* [Materials provided]:
------------------------------

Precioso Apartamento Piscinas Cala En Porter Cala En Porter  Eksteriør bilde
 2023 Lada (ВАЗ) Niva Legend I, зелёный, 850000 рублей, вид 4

------------------------------

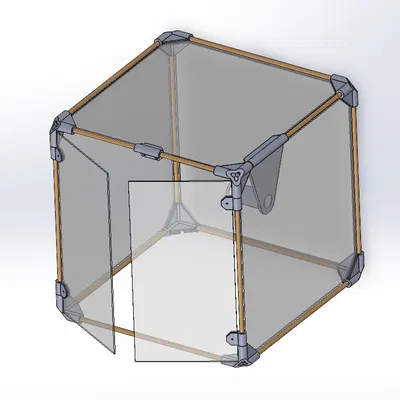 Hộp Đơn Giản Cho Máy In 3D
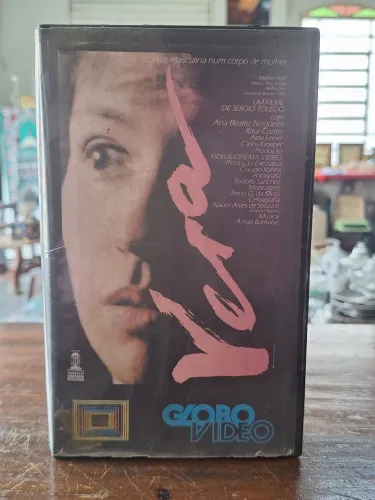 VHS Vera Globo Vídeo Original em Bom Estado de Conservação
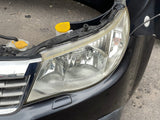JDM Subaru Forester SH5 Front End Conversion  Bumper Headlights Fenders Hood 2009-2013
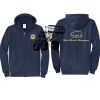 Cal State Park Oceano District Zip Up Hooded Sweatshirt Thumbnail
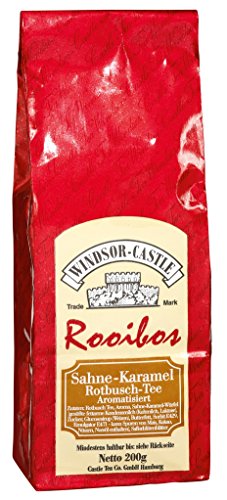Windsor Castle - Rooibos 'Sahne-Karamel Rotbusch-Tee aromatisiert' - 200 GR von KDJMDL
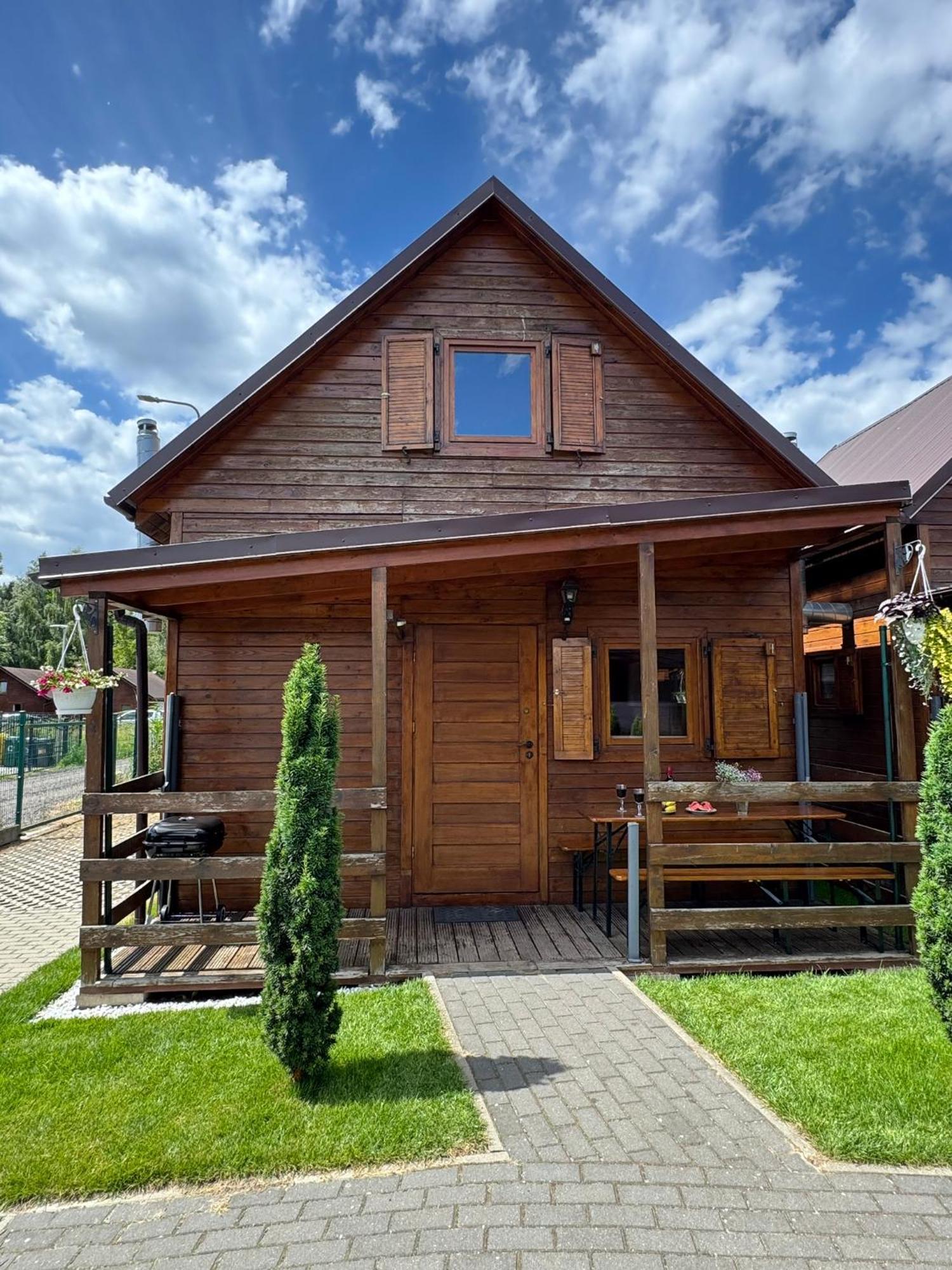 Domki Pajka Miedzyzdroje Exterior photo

------------------------------

* [Task statement]:
Everything between and including the line above containing "Hộp Đơn Giản Cho Máy In 3D" and the line containing "Domki Pajka Miedzyzdroje Exterior photo" should be reproduced exactly, with pictures excluded.

* [Result of the exercise]:
 Hộp Đơn Giản Cho Máy In 3D
 VHS Vera Globo Vídeo Original em Bom Estado de Conservação
JDM Subaru Forester SH5 Front End Conversion  Bumper Headlights Fenders Hood 2009-2013
 Cal State Park Oceano District Zip Up Hooded Sweatshirt Thumbnail
Windsor Castle - Rooibos 'Sahne-Karamel Rotbusch-Tee aromatisiert' - 200 GR von KDJMDL
 Domki Pajka Miedzyzdroje Exterior photo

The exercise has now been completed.